You have won an international lottery! Congratulations! Here’s a $20,000 check for just a portion of your winnings. To claim the additional hundreds of thousands of Euros or dollars that you’ve won, all you have to do is send a personal check for the taxes due on your winnings.
1. You didn’t enter an international lottery. ( You would remember if you did.)
2. Taxes are collected after you receive income, not before.
3. Governments collect taxes, not lotteries.
You’ve been hired as the account manager at a major international distributor. You can work at home. Your only responsibility is to handle remittances. You get checks, deposit them into your own account and pass them on, subtracting your fee. Your fee is substantial.
1. International corporations have no problem opening their own bank accounts. Why do they need you to use yours? Oh … because they’re not an international corporation and if they used their own accounts, they couldn’t steal your money.
2. Jobs that require very little work for high pay don’t exist unless you’re a corporate Chief Executive Officer. And to get a job as a CEO, you need to know how to golf.
You are selling your car/puppy/chest-of-drawers and have placed an advertisement on the internet. You get contacted from somebody who just loves English Bull Terriers (or whatever you’re selling) and is desperate to pay full price. Just one problem. The buyer is from overseas; hasn’t yet opened a U.S. bank account; and can only pay with a third-party check — maybe even a paycheck. If you take that check and deposit it, you can pay yourself and just give them cash for the overpayment, right?
1. Opening a bank account with a paycheck is pretty dang easy. It might take a few hours, but the Bull Terriers can wait. If you cash this check, you are the bank and you have your first bad debt. (Congratulations. Maybe you can apply for a government bail-out.)
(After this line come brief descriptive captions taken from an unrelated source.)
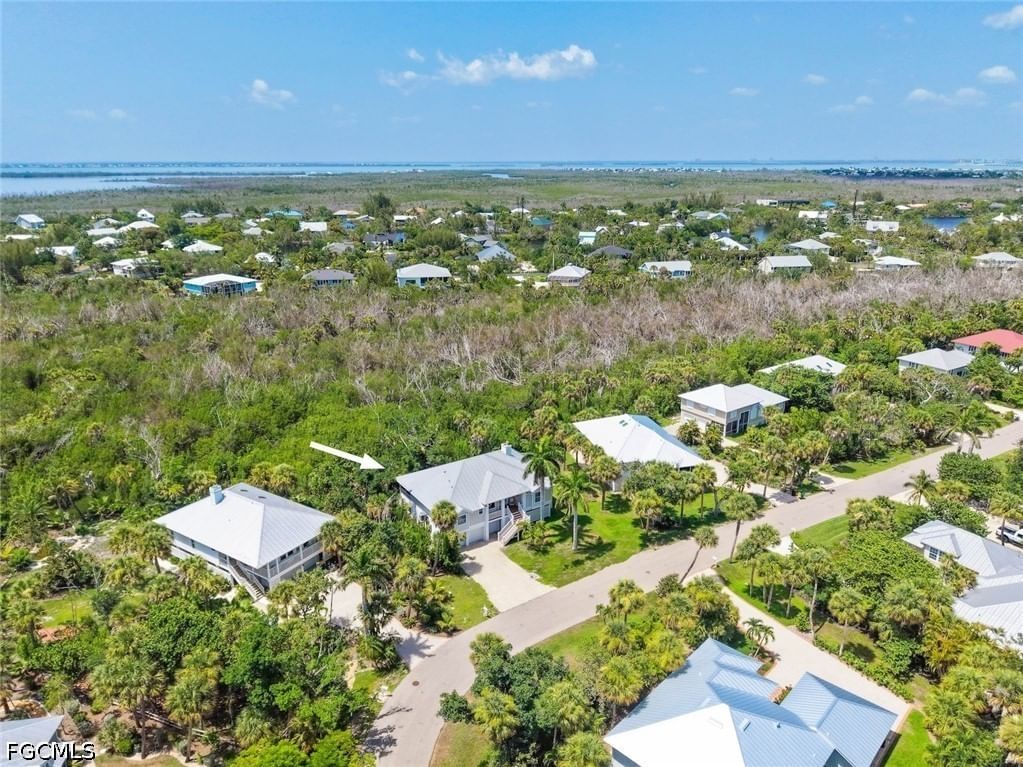1858 Farm Trail, Sanibel, FL 33957 photo 4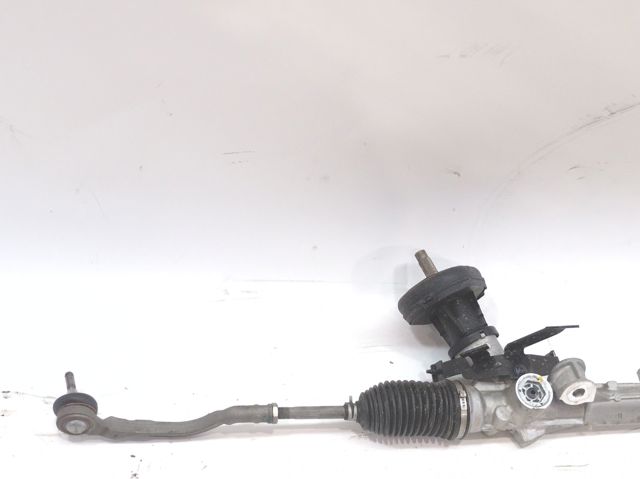 Cremallera caja de direccion 480104213R RENAULT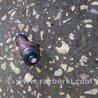 ФОТО Форсунка топливная для Subaru Outback Киев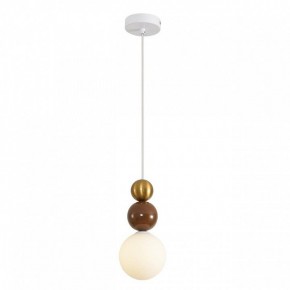 Подвесной светильник Lumion BONBONES 8257/1 в Игре - igra.ok-mebel.com | фото 6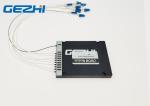 Upgrade Port C52 100Ghz 1X8 DWDM Mux Demux Module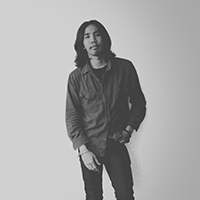 axiomz.photography's profile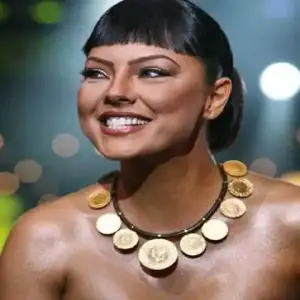 downloadfile-3.webp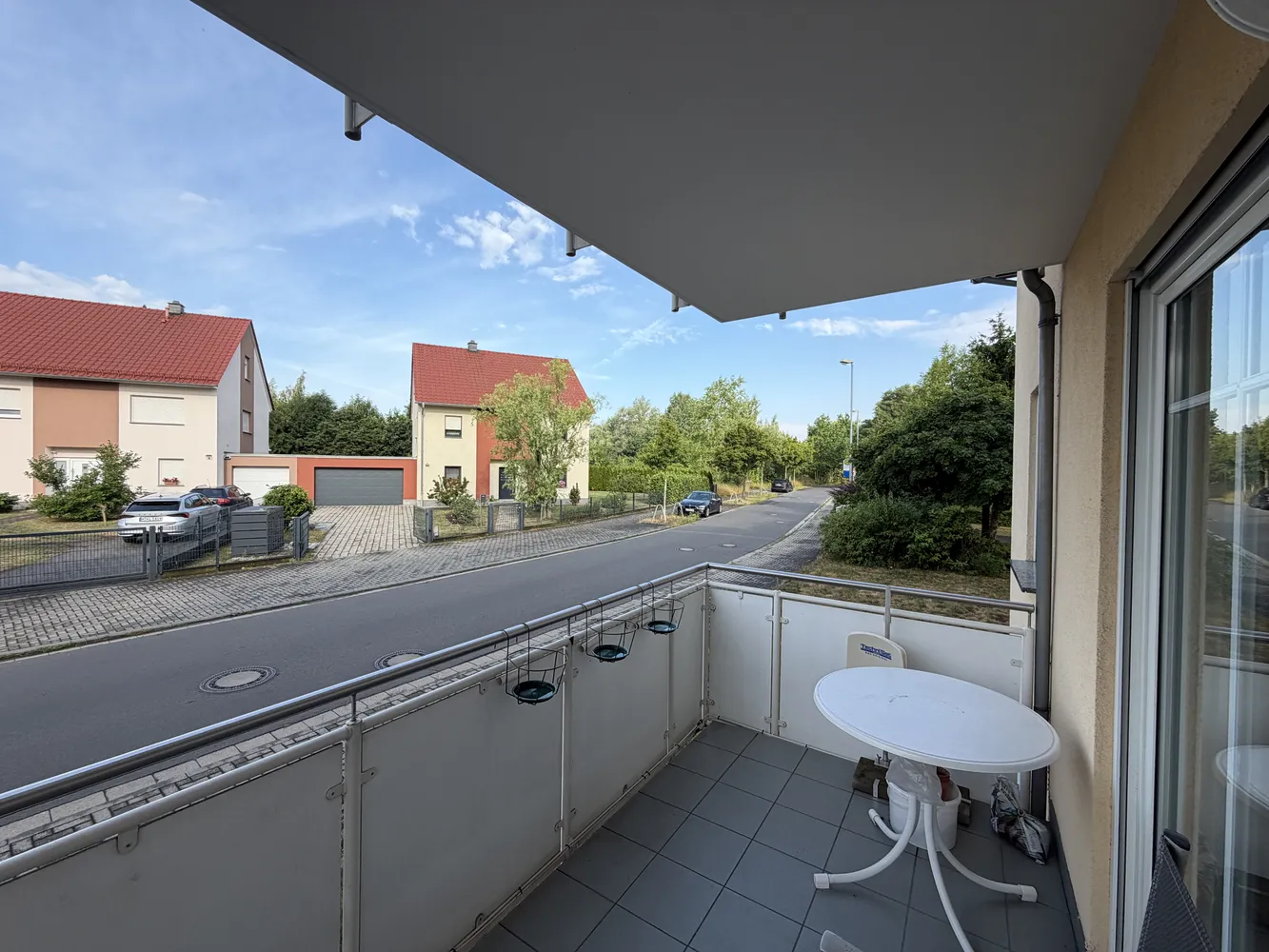 2 Zimmer Wohnung mit 70 m² in Leipzig – Bild 5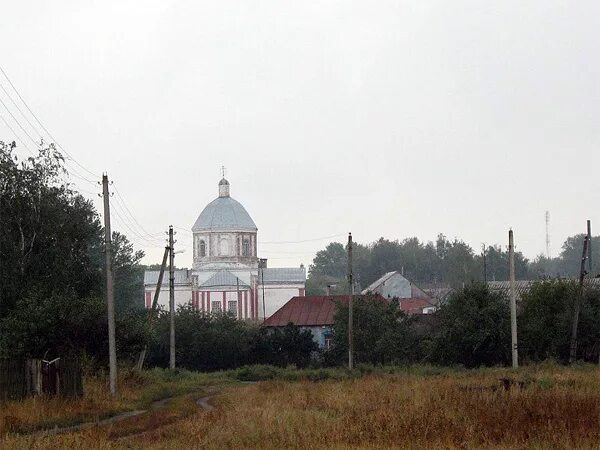 Щучьи пески воронежская. Щучьи пески воронежская. Щучье пески. Щучьи пески воронежская. Щучьи пески воронежская.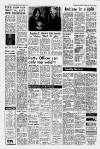 Huddersfield Daily Examiner Wednesday 12 June 1974 Page 15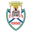 Feirense U19 - Player Rafa Silva 186539 303794 Live Football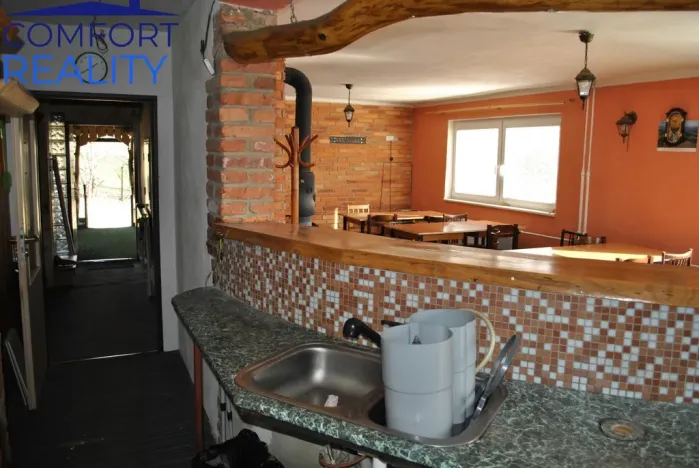 Prodej rodinného domu, Frýdek-Místek - Lískovec, K Sedlištím, 130 m2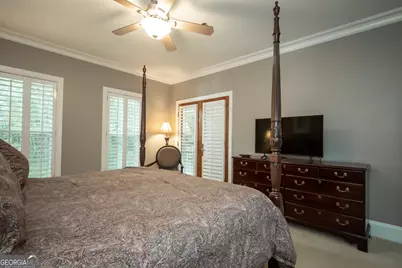 125 Wood Lake Drive #UNIT 109, Athens, GA 30606 - Photo 13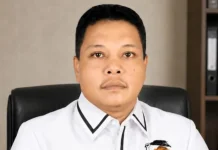 DPD Tani Merdeka Dorong Bantuan Benih dan Diskon Pupuk
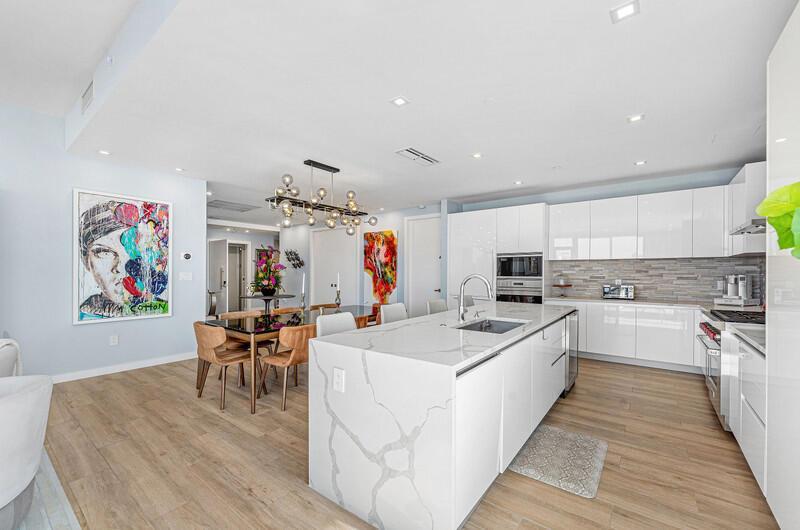 41 Isle Of Venice Drive # 502, Fort Lauderdale FL 33301 photo 4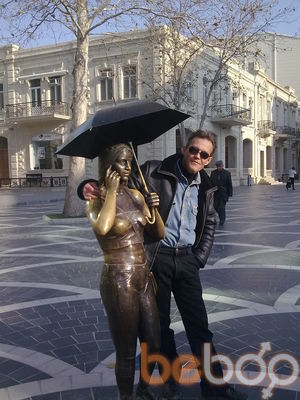  ,   Vasiliy, 60 ,   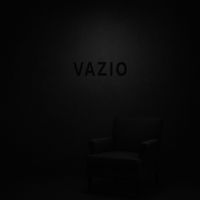 Matti - VAZIO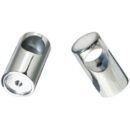 BASE PER TIENTIBENE IN ACCIAIO INOX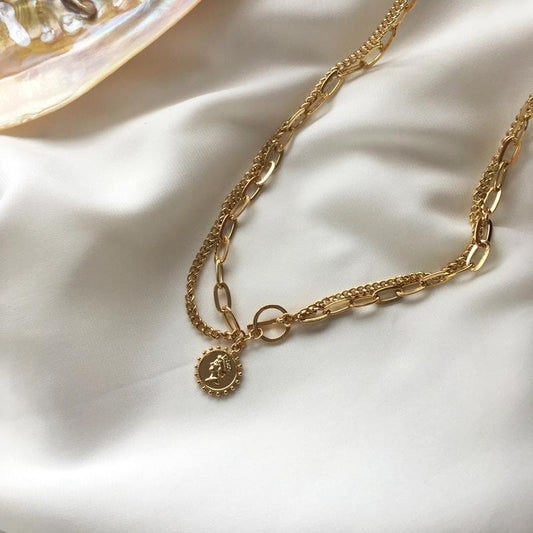 artifical-gold-necklace-jltn0055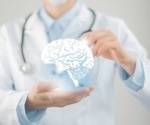 Innovative ssREAD Database Provides Rich Alzheimer's Disease RNA-Seq Resources for Researchers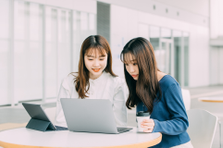  Webデザイナー募集！｜Webデザインが得意な方働いてみませんか？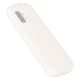 thumbnail image 3 of Router portátil Bling Bling WiFi 4G USB blanco para 10 dispositivos, 3 of 12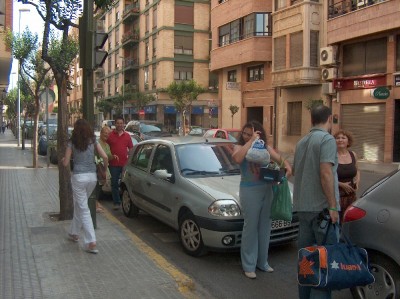 normal_HPIM1248.JPG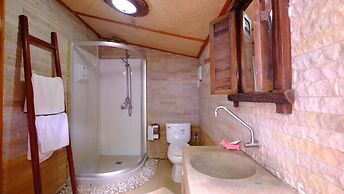 Chuanthanapanya Resort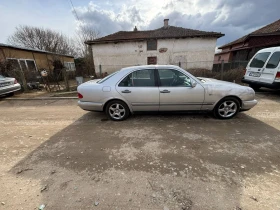Mercedes-Benz 220 | Mobile.bg    5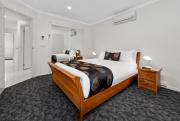 Top Melbourne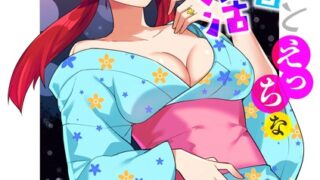 b129dbnka14462pl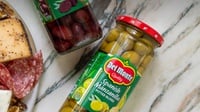 Del Monte Ajukan Pailit, 25.000 Kreditur Tuntut Tagihan di AS
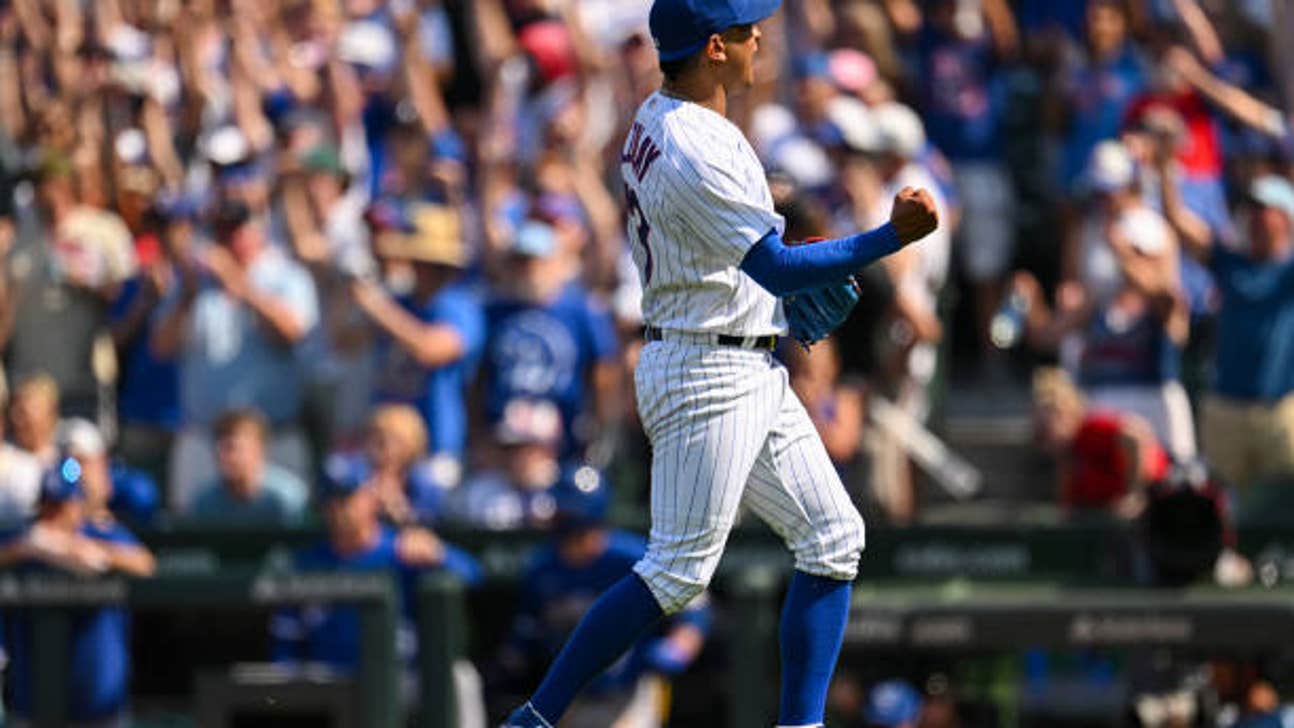 Athletics vs. Royals Prediction, Odds, Picks - August 21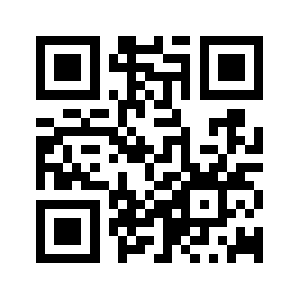 Zadaish.com QR code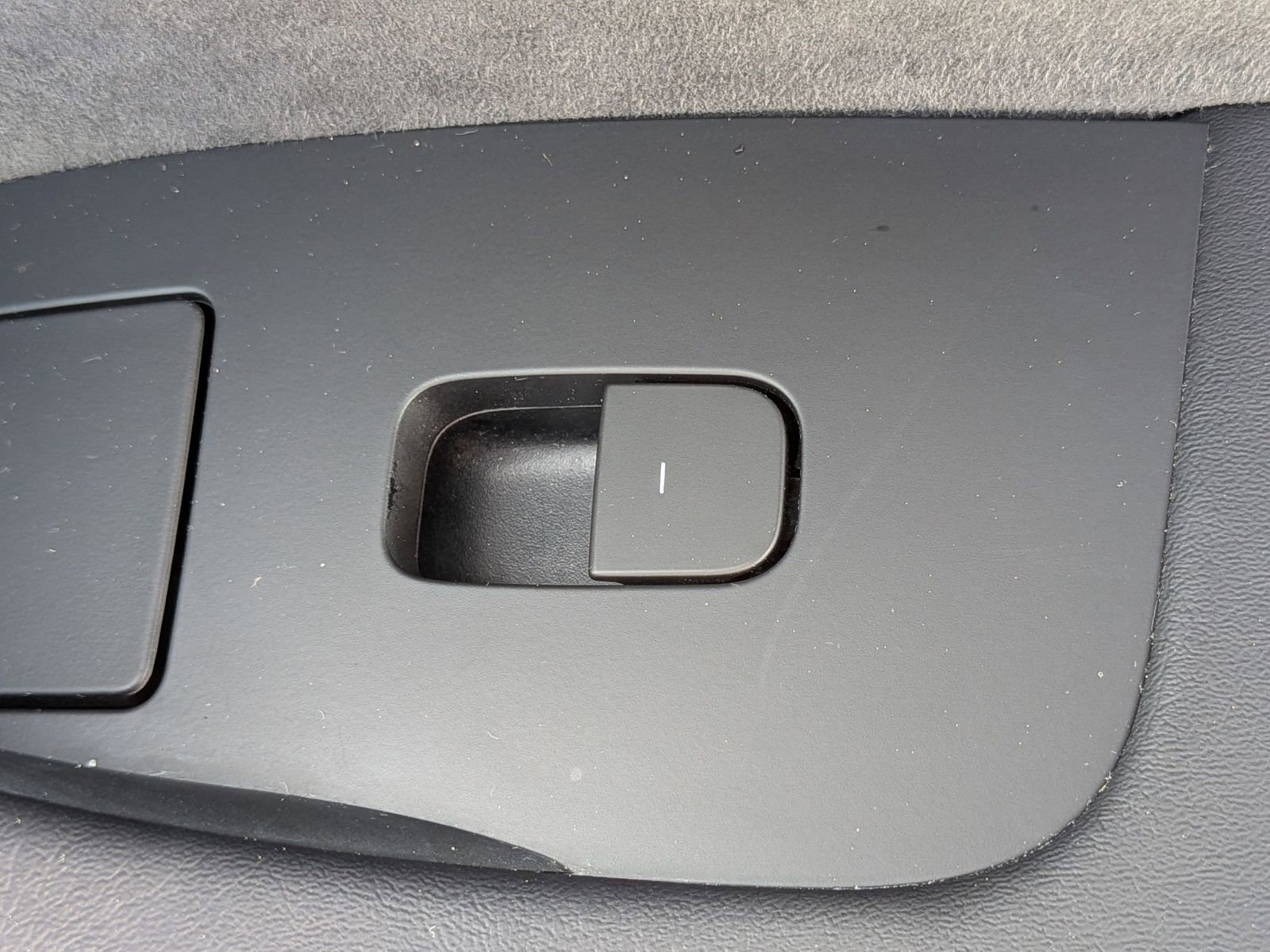 Used 2022 Tesla Model 3 Performance image 37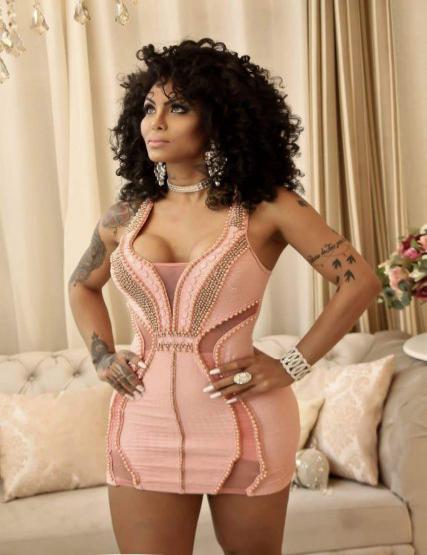 Trans Acompanhante  Vivi Safadinha 0272825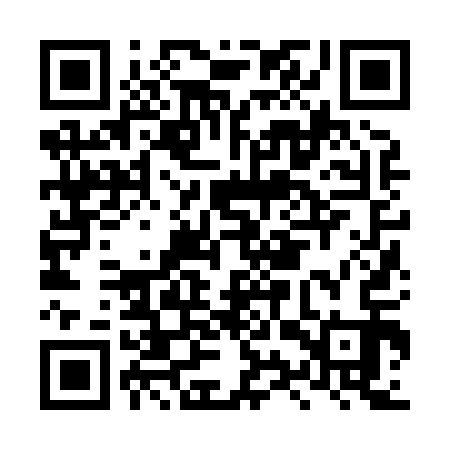 QR code for LYZ813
2. Your Bull Terriers are clearly the cutest in the world, but there are others in the world — even others in your state/city/county. Your buyer is generating a sense of urgency — I’ve got to have one and I’m afraid they’ll all be sold before I get my account opened! — just to scam you. Tell them to let you know when their account is opened, and you’ll put them on the list to have first pick of the next litter if this litter is, indeed, all spoken for by the time their bank account is opened.
You get an official looking letter saying that you have won a $100,000 grant from the government or some foundation. But to claim the grant money, you need to send a “processing fee.”
1. You didn’t apply for a grant.
2. You are not a scientist.
3. Government agencies and foundations that provide grants send you money. They don’t ask you to send them money (unless they’re soliciting donations … and that’s not the kind of letter you got).